Зачем-то она потрясла бабкины руки, тяжелые и холодные.
– Он никогда, никогда не говорил мне о ребенке!
– Как же тута скажешь-то? Я, мол, своего сыночка сам уродом сделал, а потом сам же его, сироту, на произвол судьбы спокинул!
– Этого просто не может быть! – Глафира выпустила бабкины руки, наклонилась вперед и схватила себя за волосы. И забормотала лихорадочно: – Хотя тогда за что он платил? И так много?! Откупался? Никак, никак… Господи, разве так можно?..

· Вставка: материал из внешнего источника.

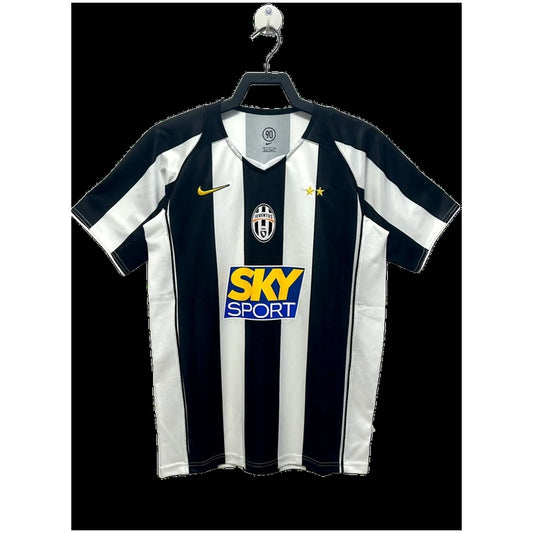 Juventus 04/05 I Home Jersey - Retro Version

– Погоди, девка, – сказала старуха, пожалуй, с сочувствием, – не убивайся ты так!
– Откупался? – бормотала Глафира. – «Только вперед? Прошлого нет и больше никогда не будет… Все, что осталось позади, отработанный материал!»
– Погоди, погоди, девка…
– Но ведь за что-то он ей платил! Все время, постоянно! И так много! Выходит, за ребенка? За изуродованного ребенка?!
– Да ни копеечки он ей не дал! Ни одной!
– Замолчите! – закричала Глафира страшно. – Немедленно замолчите!
Она выскочила из дома и побежала по дорожке – куда, зачем? Разве теперь можно убежать от того, что только что Разлогов с ней сделал? От нового, ужасного знания? От Разлогова, который перестал быть Разлоговым и стал просто мерзким, отвратительным человечишкой?! Глафира все шла по дорожке в лес. Уйти бы далеко-далеко и больше никогда не возвращаться! Ногам было мокро, и ледяной ветер задувал в пиджак, который она надела, потому что ей очень нравился разлоговский запах.
Однажды где-то здесь они смотрели лосенка. Трогательного, губастого лосенка, который объедал листья, а потом вдруг удивленно уставился на них. Мать где-то рядом ходит, сказал тогда Разлогов.
Значит, все это время – и когда смотрели лосенка, и когда клали печь, и когда подтирали за щенком лужи, и когда скучали на протокольных мероприятиях, и когда собирали чемоданы, чтобы лететь на море, – он… знал?! Знал, что где-то пропадает мальчик, его собственный сын. Пропадает потому, что его отец, вот тот самый, что смотрел лосенка и ездил к соседу, державшему лошадей, – чудовище? Отвратительное еще и потому, что так своей вины никогда и не признало?! Откупалось, платило – но никогда не каялось?!